◆ Supplied records
____________________

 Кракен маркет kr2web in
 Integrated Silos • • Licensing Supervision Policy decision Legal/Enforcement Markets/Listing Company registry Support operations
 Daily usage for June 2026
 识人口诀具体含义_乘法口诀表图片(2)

____________________

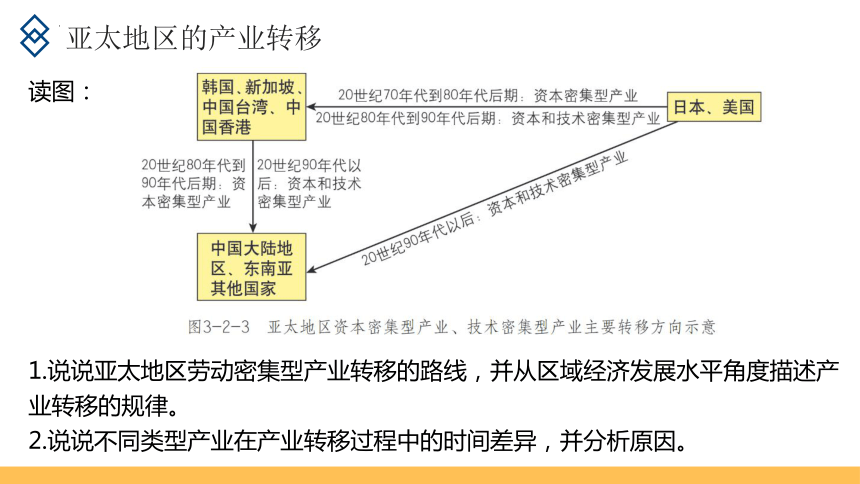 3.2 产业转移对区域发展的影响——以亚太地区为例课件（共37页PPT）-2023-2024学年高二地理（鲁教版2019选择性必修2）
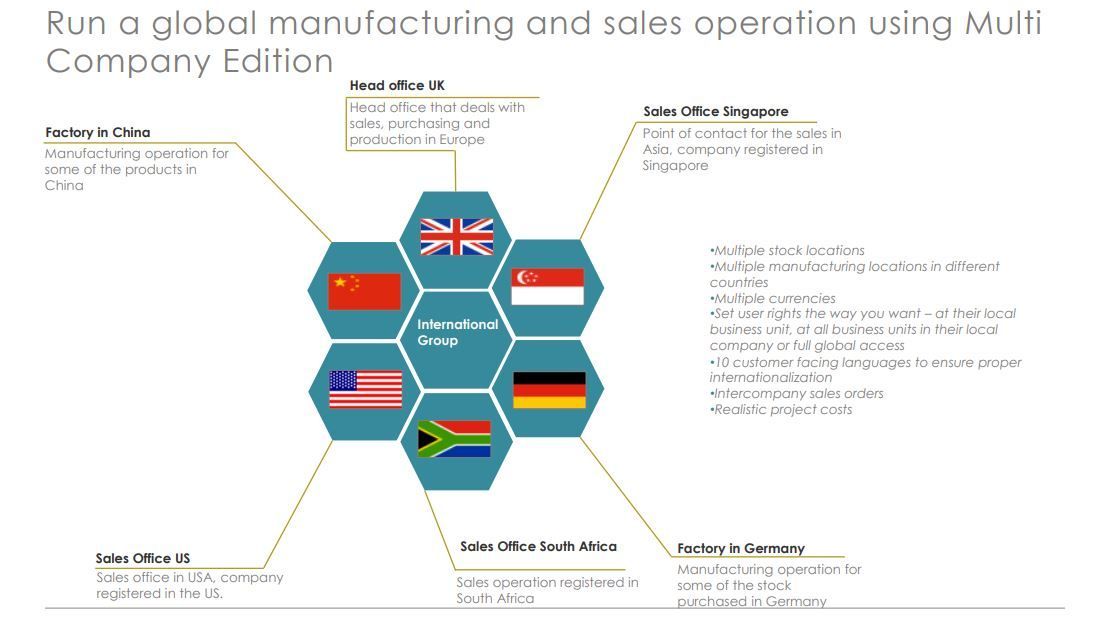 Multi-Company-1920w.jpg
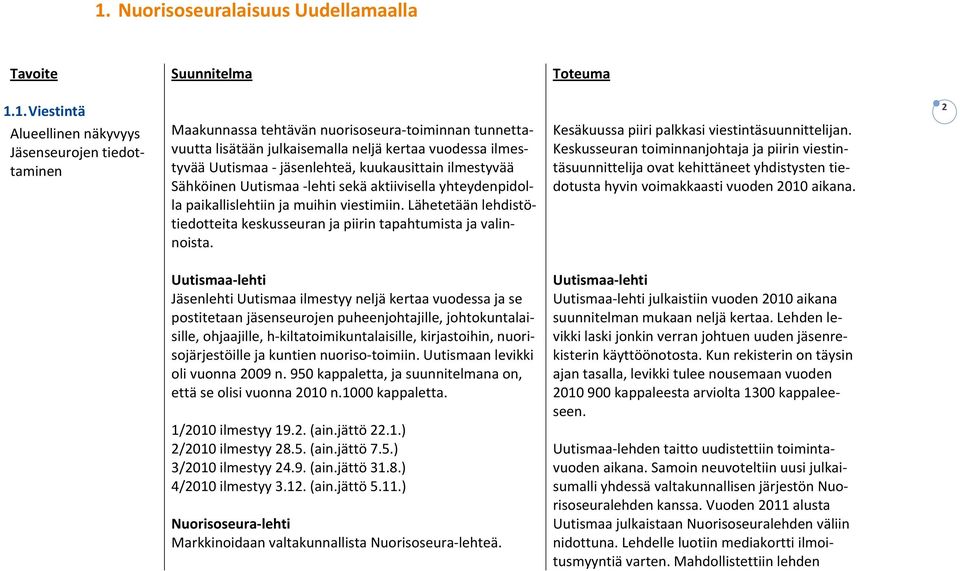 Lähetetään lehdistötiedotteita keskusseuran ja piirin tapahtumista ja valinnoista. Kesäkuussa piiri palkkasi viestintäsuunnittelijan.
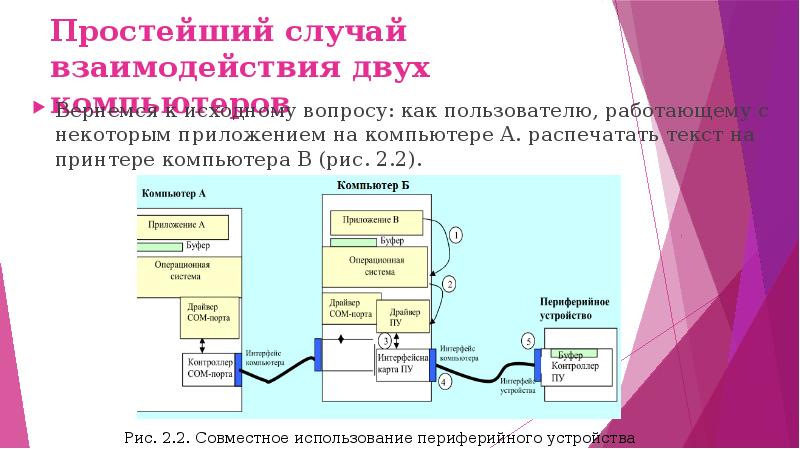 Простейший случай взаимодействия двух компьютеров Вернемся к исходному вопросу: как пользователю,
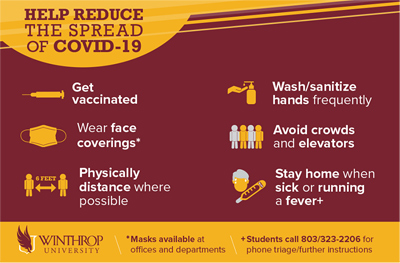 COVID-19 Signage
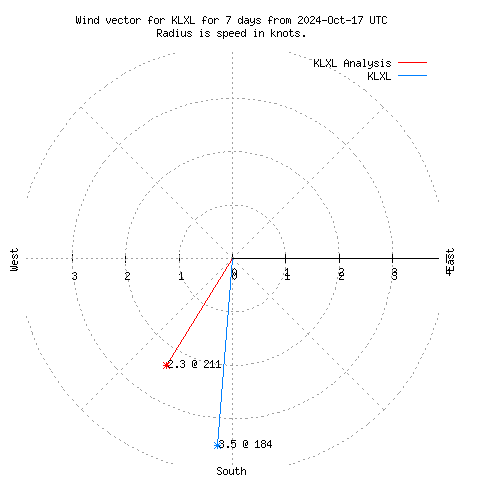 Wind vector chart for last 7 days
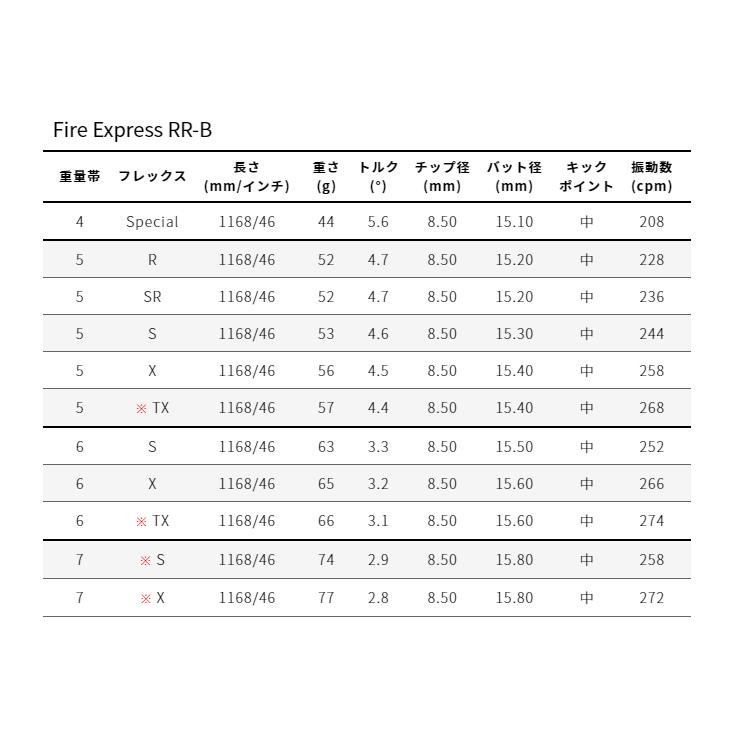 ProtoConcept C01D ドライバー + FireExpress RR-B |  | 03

____________________

◆ Requirement
Quote the lines above exactly, starting with the one that has "Простейший случай взаимодействия" and ending with the one that has "ProtoConcept C01D ドライバー"; drop the pictures and include nothing else.

◆ Exercise solution
 Простейший случай взаимодействия двух компьютеров Вернемся к исходному вопросу: как пользователю,
 COVID-19 Signage
 Wind vector chart for last 7 days
 ProtoConcept C01D ドライバー + FireExpress RR-B |  | 03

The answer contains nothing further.